Segment Start: GIVEN DATA
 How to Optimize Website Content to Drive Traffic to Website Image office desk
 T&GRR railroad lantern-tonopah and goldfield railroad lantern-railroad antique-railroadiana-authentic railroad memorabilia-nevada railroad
Segment End: GIVEN DATA
Segment Start: GIVEN DATA
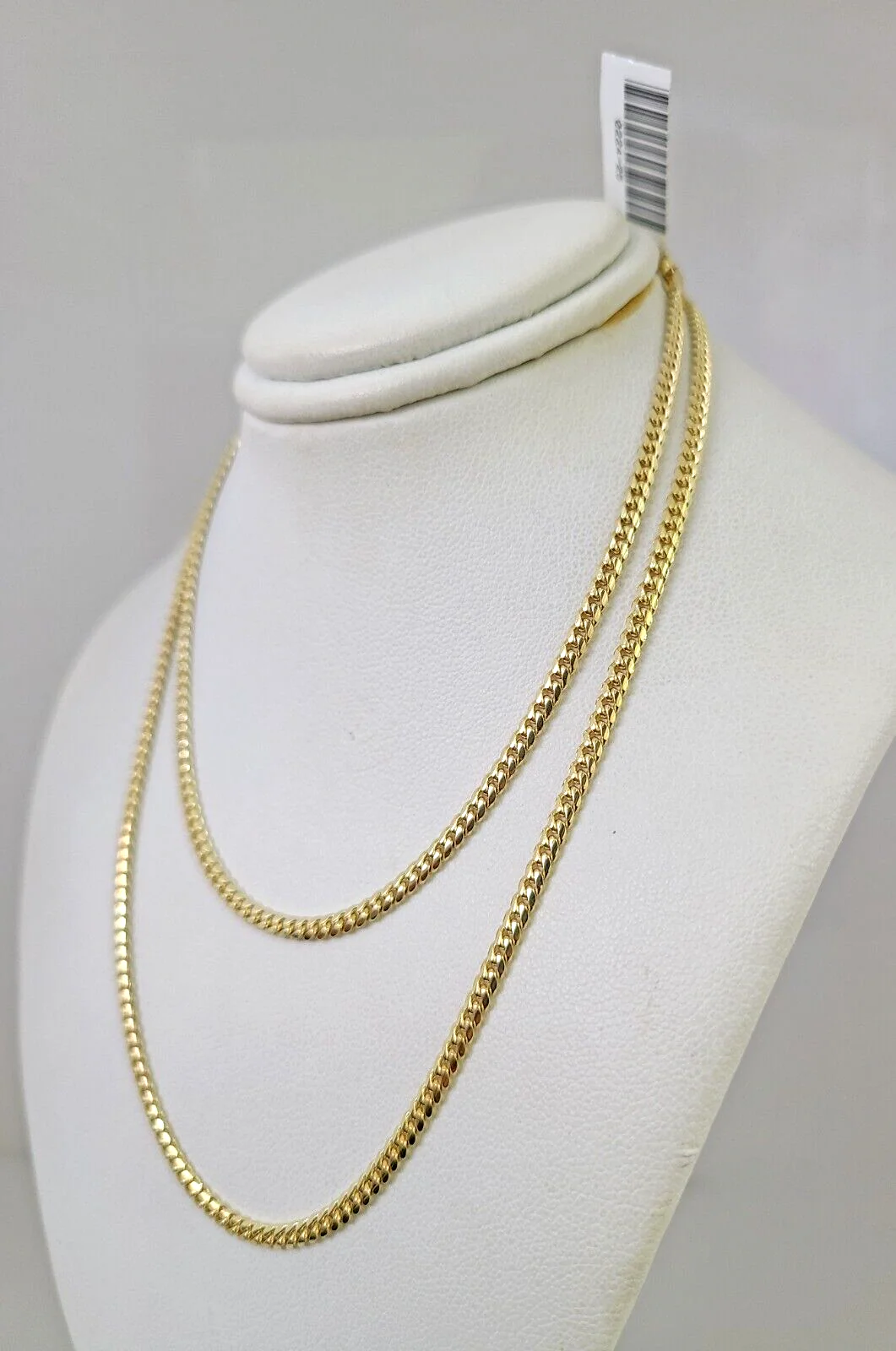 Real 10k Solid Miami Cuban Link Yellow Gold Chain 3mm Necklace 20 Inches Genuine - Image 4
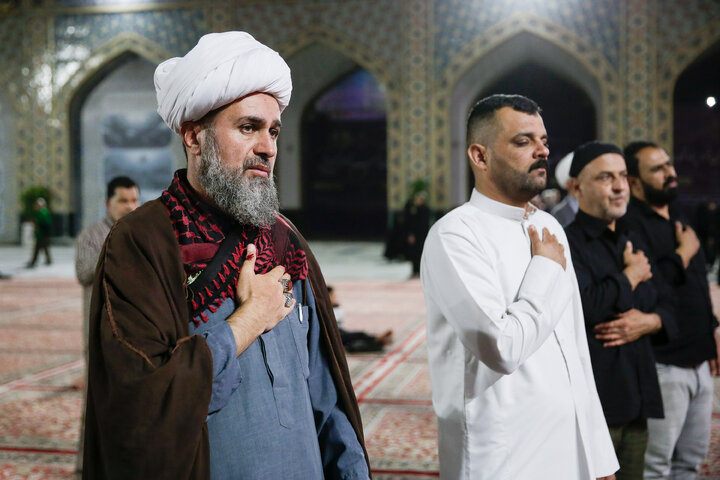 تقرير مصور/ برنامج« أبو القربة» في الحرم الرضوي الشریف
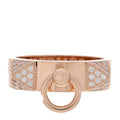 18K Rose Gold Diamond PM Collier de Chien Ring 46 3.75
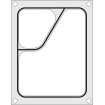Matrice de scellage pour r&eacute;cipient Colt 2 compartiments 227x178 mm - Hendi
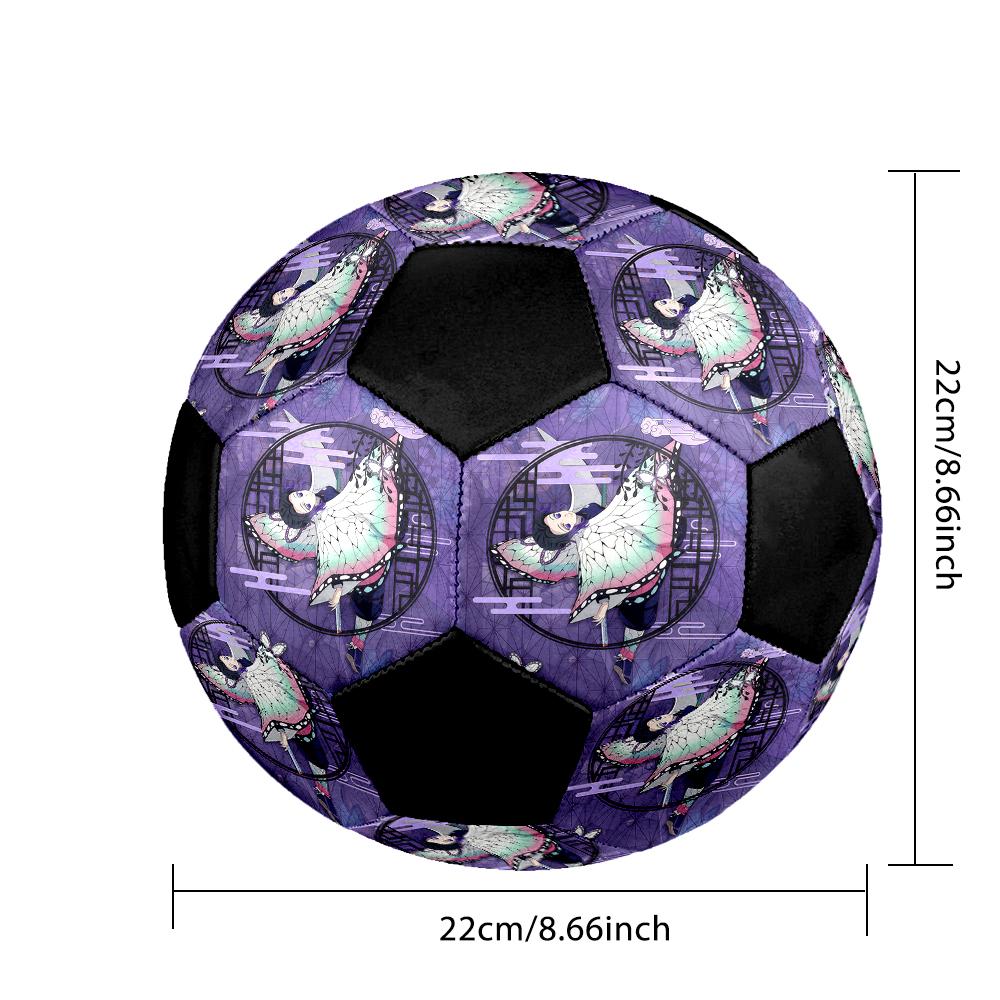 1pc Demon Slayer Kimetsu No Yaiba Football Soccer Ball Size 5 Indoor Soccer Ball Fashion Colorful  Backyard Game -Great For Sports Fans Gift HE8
Segment End: GIVEN DATA
** TASK INSTRUCTIONS **
In the data above, find the line with "Real 10k Solid" and the line with "1pc Demon Slayer". Please copy exactly those two lines and every line between them, but not the pictures.

** EXPECTED OUTPUT **
 Real 10k Solid Miami Cuban Link Yellow Gold Chain 3mm Necklace 20 Inches Genuine - Image 4
 تقرير مصور/ برنامج« أبو القربة» في الحرم الرضوي الشریف
 18K Rose Gold Diamond PM Collier de Chien Ring 46 3.75
Matrice de scellage pour r&eacute;cipient Colt 2 compartiments 227x178 mm - Hendi
 1pc Demon Slayer Kimetsu No Yaiba Football Soccer Ball Size 5 Indoor Soccer Ball Fashion Colorful  Backyard Game -Great For Sports Fans Gift HE8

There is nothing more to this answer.